Ontvoerd worden door Boko Haram, helpen tijdens een ebola-uitbraak of geëvacueerd worden uit conflictgebieden: hulpverlener Desmond Ongara heeft meer meegemaakt dan de meeste mensen zich kunnen voorstellen. Maar voor hem zijn dit niet slechts spectaculaire verhalen voor op feestjes. Het is zijn leven. Wat drijft hem om te werken op plaatsen waar anderen liever ver vandaan vluchten?
“Het is niet voor iedereen weggelegd”, zegt Desmond terwijl de hete zon op zijn gezicht brandt. “Het werk is uitdagend en niet zonder risico’s.” Als water- en sanitatie-expert bij het Rode Kruis verblijft Desmond, die zelf uit Kenia komt, in ’s werelds meest gevaarlijke landen. Sinds vorig jaar werkt hij in Zuid-Soedan, waar de temperaturen momenteel tot 45 graden oplopen. Dit land, dat in 2011 na een lang conflict met buurland Soedan onafhankelijk werd, is een land van extremen. De temperaturen kunnen enorm hoog zijn en de regenval hevig.
Een land van extremen
In 2019 overstroomde zelfs een derde van het land. Nóg meer mensen kwamen toen terecht in een cyclus van armoede, honger en geweld. “Er zijn zoveel uitdagingen hier. Alles is een struggle, maar de veerkracht van de mensen hier is ongelofelijk”, vertelt Desmond.

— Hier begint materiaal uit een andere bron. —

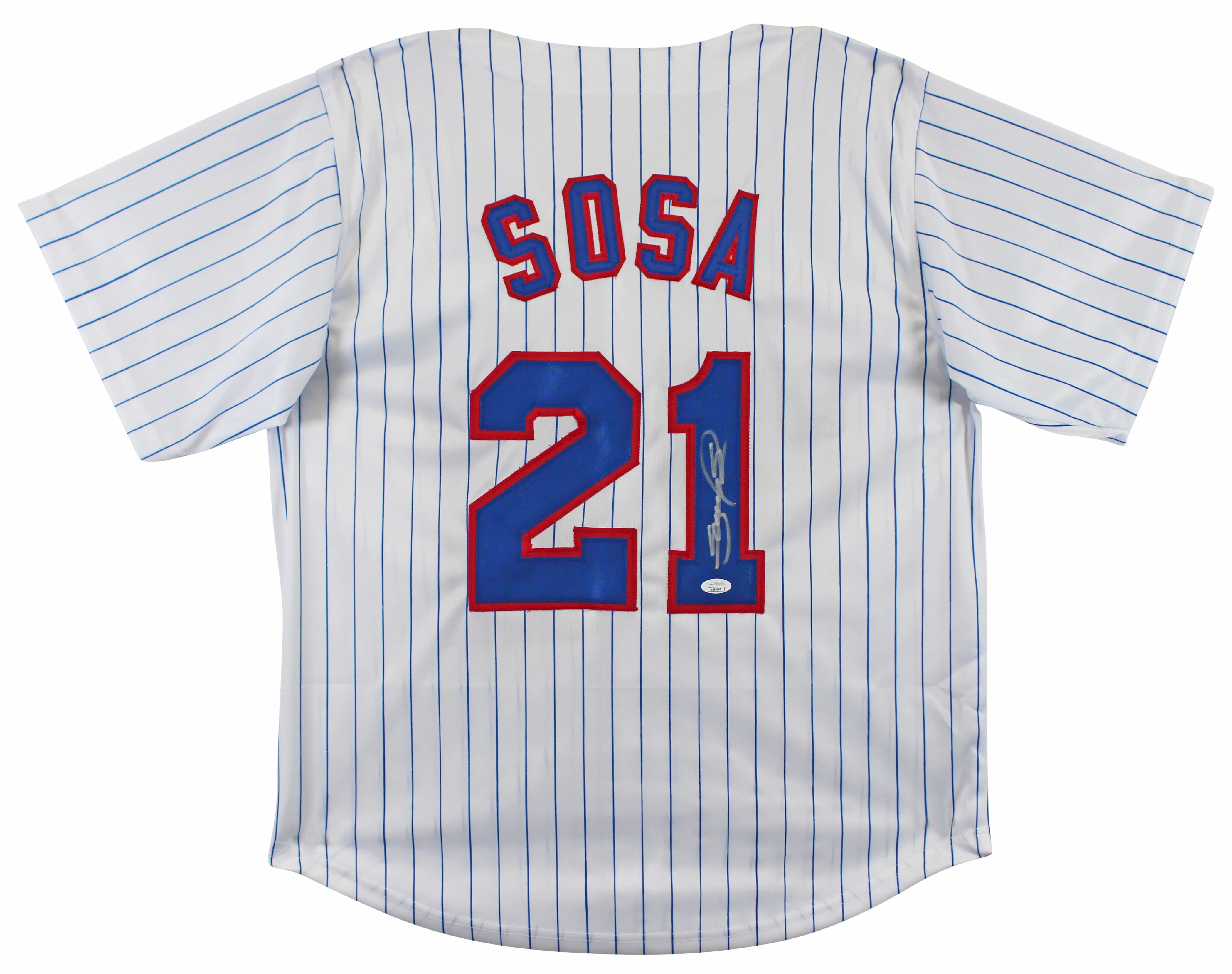Sammy Sosa Authentic Signed White Pinstripe Pro Style Jersey Autographed JSA - Image 2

Het Nederlandse Rode Kruis werkt in Zuid-Soedan nauw samen met het Zuid-Soedanese Rode Kruis aan diverse projecten, waaronder gezondheidszorg, financiële hulp en water- en sanitaire voorzieningen. Desmond legt uit: “We investeren niet alleen in noodhulp, maar ook in preventieve maatregelen, zodat mensen weerbaarder zijn bij rampen. Als onderdeel van het ‘Chronisch crisisproject’ bieden we bijvoorbeeld trainingen aan en ondersteunen we mensen bij het opzetten van een eigen bedrijf, zodat ze zelfvoorzienend kunnen worden en minder afhankelijk zijn van hulp.”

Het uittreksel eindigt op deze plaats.